Experts believe the opioid epidemic gripping the United States and Canada will likely only get worse in the foreseeable future, fueled in large part by a breakdown in community and family support systems.
The Globe and Mail recently highlighted the mushrooming drug problem plaguing schools and communities in both countries, which is “now killing twice as many people as traffic accidents.”
Roughly 70 percent of the drug overdoses involve the synthetic opioid fentanyl.
“I don’t even think we have the vocabulary any more to describe (how) it’s getting worse,” Benedikt Fischer, scientist at the Centre for Addiction and Mental Health in Toronto, told the news site.

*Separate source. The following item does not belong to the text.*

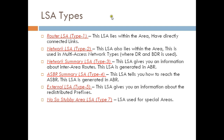Type 4 LSA is also generated by the ABR, but it gives you information about how to reach the ASBR. It just tells you the path to reach the ASBR. Type 5 LSA gives you information about redistributed prefixes — if you need to reach any network outside of OSPF, you need to go to the ASBR, and the redistributed network information is given by Type 5 LSA.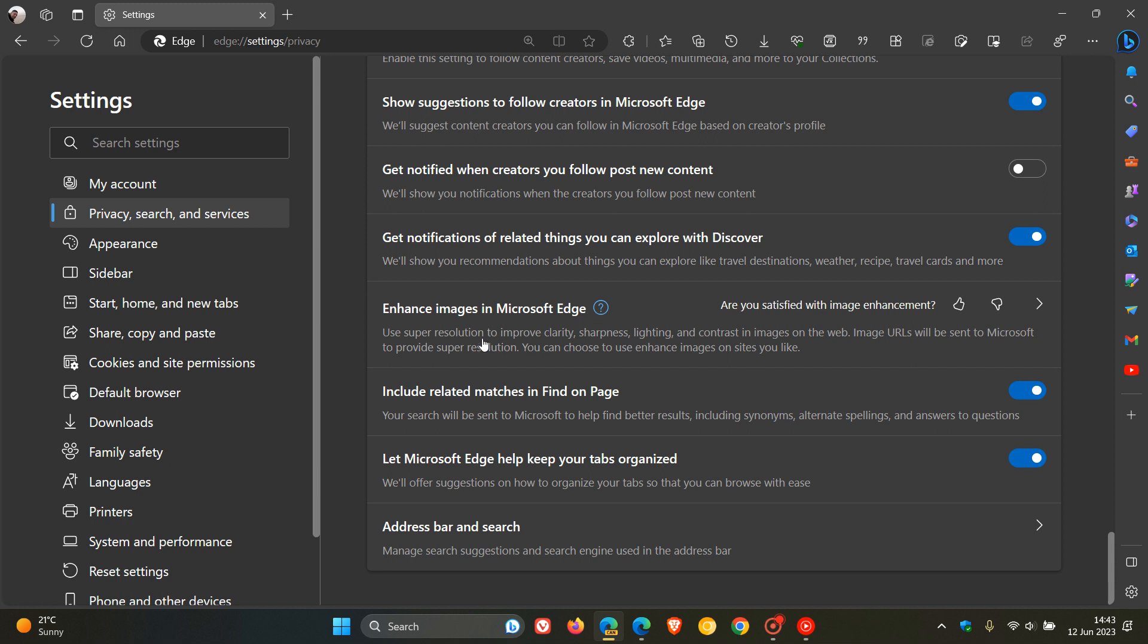The first bit of the description is very similar to how it is in the stable version, which says: use super resolution to improve clarity, sharpness, lighting, and contrast in images on the web. Now, this is the bit that's been updated.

The U.S. is on pace to hit 52,000 drug deaths this year, while Canada is expecting about 4,000, though per-person fatality rates are similar. The problem is now 10 times worse than the heroin epidemic following the Vietnam War, and experts offered several reasons why they don’t expect the situation to improve any time soon.
Fentanyl is reportedly 50 times stronger than heroin, and the margin for a fatal dosing error is slim. The drug is also extremely concentrated, which means producers in China and other countries can easily conceal it in the mail or small packages. Smartphones have made it easier to distribute fentanyl, as well, with some drug users alleging they can get their fix faster than a pizza delivery, according to the news site.
“I don’t see a snowball’s chance in Hell of stopping the flow,” illegal drug analyst Mark Kleiman told the Globe and Mail.
Perhaps the biggest contributing factor, according to journalist Andrew Sullivan, centers on broader cultural issues.
The Globe and Mail explains:
Most of our social institutions – the ones that used to officer solace, structure, friendship, and support – are under threat. The churches collapsed a generation ago. Families are in bad shape too, especially among middle – and lower-income earners, where marriage is on the wane and may kids grow up in households without both parents.
Economic change hits some people hard. Communities disintegrate. We’re living in an age where faith, family and community – the pillars that we used to count on – are all eroding.
That’s the biggest reason why this war on opioids will be so hard to win. It’s not a war we need but a reconstruction of community. And we have no idea how to do that.
James Davison Hunter, founder of the Institute for Advanced Studies in Culture, highlighted the significant impact a person’s “moral ecology” has on character in “The Content of Their Character,” a summary of character education in a wide variety of U.S. schools.
“When social institutions – whether the family, peer relationships, youth organizations, the internet, religious congregations, entertainment or popular culture – cluster together, they form a larger ecosystem of powerful cultural influences,” Hunter wrote.
When those institutions are strong, students excel both in academics and life. When they’re weak, bullying, drug abuse, and other serious issues take over.
The Recovery Village, a Florida-based rehabilitation facility, offers a “six minute read” that takes a closer look at drug and alcohol use in high schools, as well as advice on how to identify and help students struggling with addiction.